Electrochemical deposition of Sr and Ba into liquid metals (Bi and Sb) was investigated in LiCl-KCl-SrCl₂-BaCl₂ electrolytes at 500–650 °C as a means to separate stable alkaline-earth ions from the molten salts (eutectic LiCl-KCl) utilized for recycling used nuclear fuel. Considering the higher stability of Sr and Ba ions relative to the Li and K ions in the chloride system, it would seem impractical to deposit Sr and Ba from the molten chloride solutions by electrochemical means; however, this work will present that the deposition of Sr and Ba into liquid metal electrodes becomes thermodynamically feasible by leveraging the strong chemical interactions between alkali/alkaline-earth metals and liquid metals.

The thermodynamic properties of four binary alkaline earth-liquid metal alloys, (Sr, Ba)-(Bi, Sb), were determined by electromotive force (emf) measurements using solid-state electrolytes to examine the degree of chemical interactions (activity) between alkaline-earth metals and liquid metals. Using a pure alkaline-earth metal A (A = Sr or Ba) as the reference electrode and binary A-B alloys (B = Bi or Sb) as working electrodes in solid-state binary CaF₂-AF₂ electrolyte, emf measurements were conducted over a temperature range of 450–850 °C in 25 °C increments. Reproducible emf values were obtained within ±5 mV accuracy during cooling-heating cycle at alloy mole fractions up to x_{A(in B)} = 0.40. Based on the experimentally determined emf values of alkaline-earths in liquid Bi and Sb electrodes, the electrode reactions involving Sr and Ba elements were found to be thermodynamically feasible due to substantially larger emf values of Sr and Ba in Bi, compared to those of Li and K in Bi. Namely, the chemical interactions of liquid metals (Bi and Sb) were stronger for alkaline-earths (Sr and Ba) than for alkali (Li and K) metals.

Based on thermodynamic measurements, the liquid metal electrodes were subjected to cathodic discharge at a constant current density of 50 mA cm^–2 in eutectic LiCl-KCl with the addition of 5–10 mol% of SrCl₂ and/or BaCl₂. As shown in Figure 1, the use of liquid metals (Bi and Sb) resulted in the deposition of Ba in LiCl-KCl-10mol%BaCl₂ electrolyte.
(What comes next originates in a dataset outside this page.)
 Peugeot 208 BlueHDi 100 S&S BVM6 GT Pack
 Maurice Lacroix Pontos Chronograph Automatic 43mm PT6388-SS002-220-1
Further study in LiCl-KCl-SrCl₂-BaCl₂ electrolytes also indicated that the use of strongly interacting liquid metal electrodes could result in the co-deposition of Sr and Ba in addition to Li. The results of this work show that alkaline-earth fission products (Sr²⁺ and Ba²⁺) accumulated in molten salts can be recovered into liquid metals by electrochemical separation, which could be employed as a critical step for recycling the process salt (LiCl-KCl) in order to minimize the generation of additional nuclear wastes.

Figure 1. Cross-section analyses of Bi (discharged at 510 °C) and Sb (discharged at 650 °C) electrodes under constant current density at 50 mA cm^–2 in LiCl-KCl-10mol%BaCl₂ electrolyte, using SEM and elemental X-ray mapping.